For Bullet Point Lists:
- Keep it Focused: Don’t blend concepts. If you are listing services, don’t mix in “We are open 7 days a week” or “Free parking.” Keep operational details in their own paragraph.
- The Power of Six: If you have more than 6 services or products, **break them into sub-headings.** * *Example:* Create a sub-heading for “Interior Services” and another for “Exterior Services.”
- Avoid the “Too Technical” Trap: Use layman’s terms so every member understands your value.
- Avoid the “Too Flowery” Trap: It can be easy to add in a bunch of adjectives to make your listing seem more exciting, but too many and it becomes unreadable. AI, if not prompted well, can also write ‘too much’ while saying very little.
5. Other Critical Mistakes to Avoid
The “Time Capsule” Mistake Almost never include date-specific content (e.g., “Our Spring Sale on March 3, 2023”). Once the date has passed, that outdated text makes your business look inactive. If you run regular events (like trade shows), describe them generally and direct people to your website for the current schedule.

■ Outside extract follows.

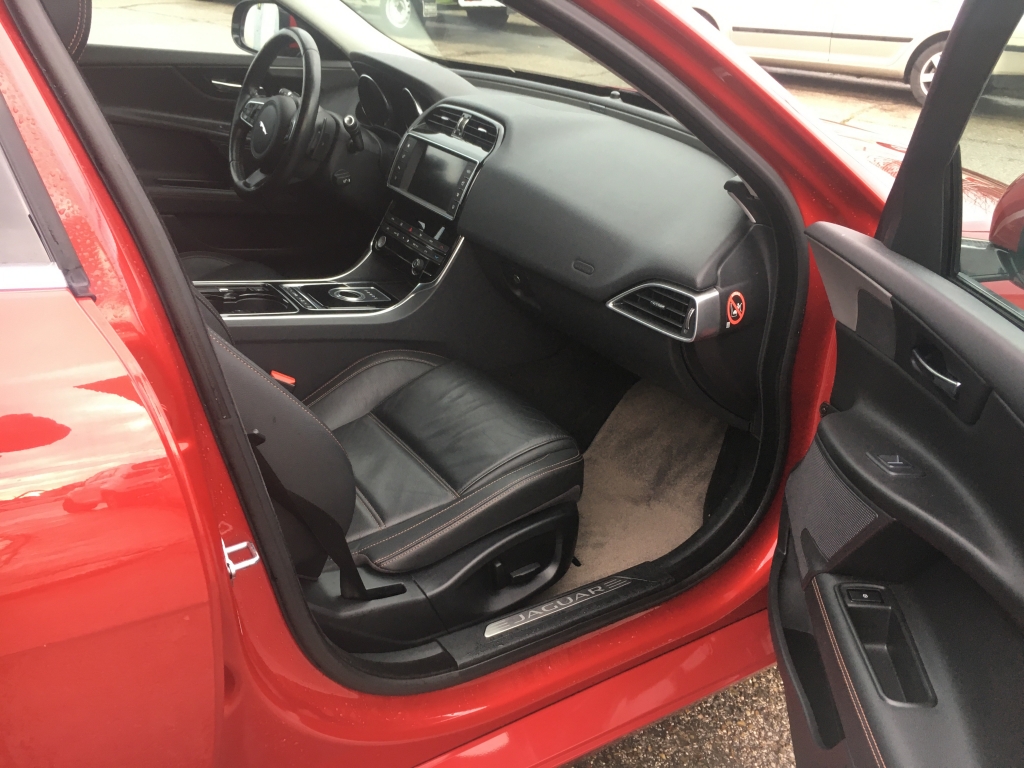 JAGUAR XE 2.0 D 180CV AUT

The “Set It and Forget It” Your business evolves. If you no longer offer a specific service, remove it. If you have expanded or offer a new product or service, make sure to add them. It can even be as simple as a subtle shift in focus, yes you still do all the same services but you now focus on Service B vs Service A… but you directory still reads like you are focused on Service A.
6. Review Your Listing
Go to the Directory Search and find yourself – make sure that you are being mapped correctly and that your content is showing the way you would want it to. We are working on ways to have virtual/no location based services be more visible outside of their primary market, but mapping yourself to the central point in Canada just makes sure nobody sees you. If you have any issues finding yourself or with where your pin is getting dropped on the map, ask your coach.
Pro-Tip: Use AI (like Gemini, ChatGPT, Grok, Copilot etc)
Your Writer: If you already have a website – don’t reinvent the wheel “My URL is _____ . Please write me a directory listing including a list of bullet points of my services for bartering on BarterPay. I want to exclude _____ because it is too costly. I want to focus on ___ without limiting interest in my other services. Please give me a title for the listing that is 50 characters or less, and the full directory listing”
Your Editor: Before you hit “Publish,” copy your draft and ask an AI tool like Gemini for a quick review. “Does this listing clearly explain my value without being too technical? Are my bullet points focused and easy to read? Is there any date-specific info I should remove?”
Always remember to give any AI content or AI edits a read through – sometimes it makes mistakes, or your original phrasing leads it to believe something that is not true.